“His message had less to do with cultural conservatism than it had to do economic opportunity and government reform,” English recalled. “In his first race, he was getting union endorsements.”
But over the course of his congressional career, first in the House and then in the Senate, Santorum slowly adopted more uncompromising stands on the most divisive issues, from gay marriage to abortion rights to the role of religion in government. And those are the issues that came to define his presidential campaign.
Some who knew Santorum saw a shrewd political calculation in his evolution, aimed at currying favor with the evangelical and religious wing of the Republican Party. Friends and supporters counter that life experiences—many of them rooted in raising his family of seven children with Karen—have naturally made him the politician he is today.
Particularly influential was the loss of their son, Gabriel, in 1996. Born prematurely, he died two hours after birth, at the same time that the debate over partial-birth abortion was raging in the Senate. Santorum became one of the most passionate and vocal opponents of the procedure.
“It makes you stronger in your faith and brings you closer together when you have a tragedy like that,” Dan Santorum said. “It gives you just a stronger will.”
Jeff Coleman, who worked briefly in Santorum’s congressional office and remains an ally, said it was always clear that his marriage and his faith were his first priorities. That meant working his schedule around around Sunday Mass and home-schooling sessions, Coleman said, and taking precautions to protect his marriage. For example, Santorum would not meet behind closed doors with a female staff member alone. “It’s obvious that their faith has deepened together tremendously and out of that faith has come this joint sense of mission and responsibility,” Coleman said.

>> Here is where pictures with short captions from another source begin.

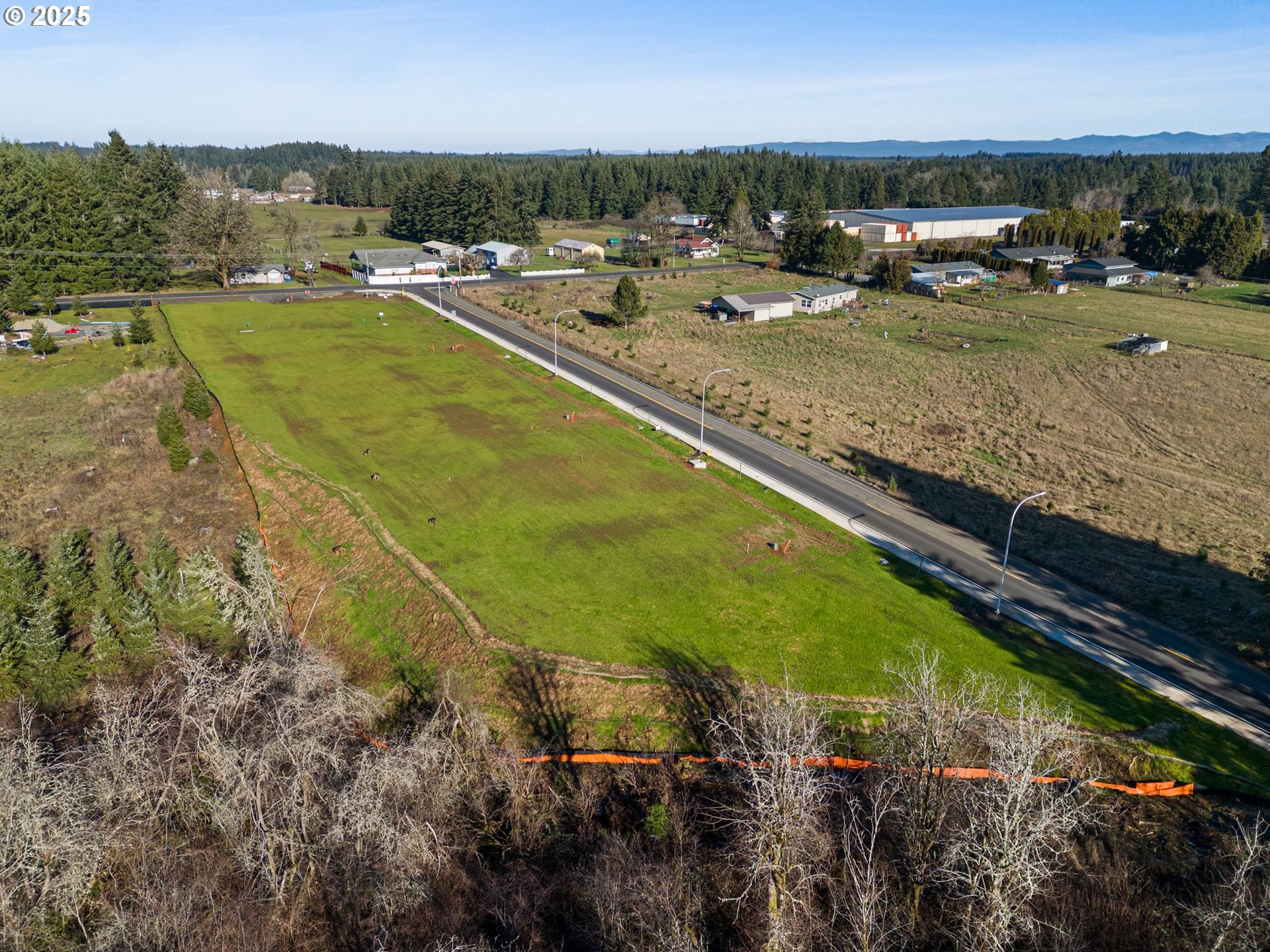 423 Kakela Road, Unit 8 Winlock, WA 98596 - Photo 15 of 35 a view of swimming pool with outdoor seating and trees in the background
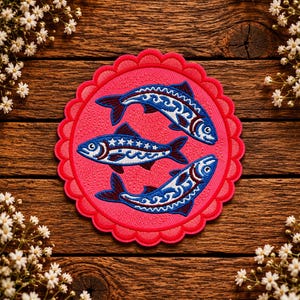 May include: A circular embroidered patch with a scalloped edge in bright pink, featuring three blue fish arranged in a circular pattern. Each fish is detailed with white star and wave motifs, dark blue fins, and a white eye, all stitched onto fabric.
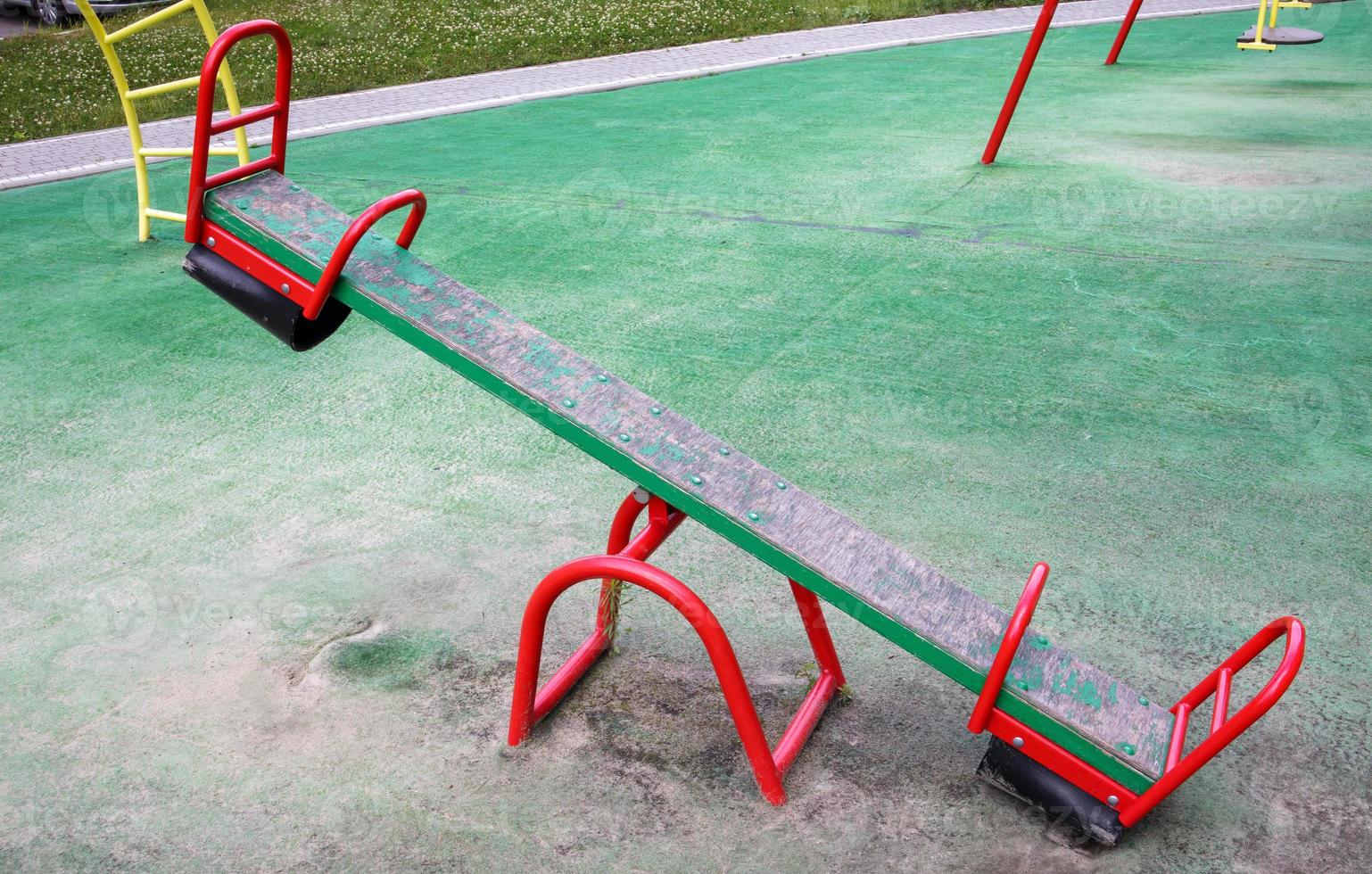 Closed modern playground. Security and protection measures against COVID-19 in the city park. Children's empty swing balancer in the park without people. The concept of childhood is over. photo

Many point out, too, that if Santorum was looking to do the politically expedient thing, he would avoid some of the social issues that tended to knock him off message at various points in the campaign and in his career. “Sometimes there would be things he would say that you kind of cringe at, and I know staff would say ‘Jesus, Rick!’ ” Green said. “But that’s him, and you’re not going to change him, and you kind of wish sometimes it was massaged a little bit.”
The sense of righteous purpose that Rick and Karen Santorum infuse into their politics is what makes them attractive to social conservatives—and completely unpalatable to other voters.
“The best way to put it in terms of Rick and Karen’s marriage, it is what has helped him be the authentic candidate and politician that he is,” said Michael Geer, president of the Pennsylvania Family Institute, who has known Santorum since shortly after he was elected to Congress. “He is who he says he is.”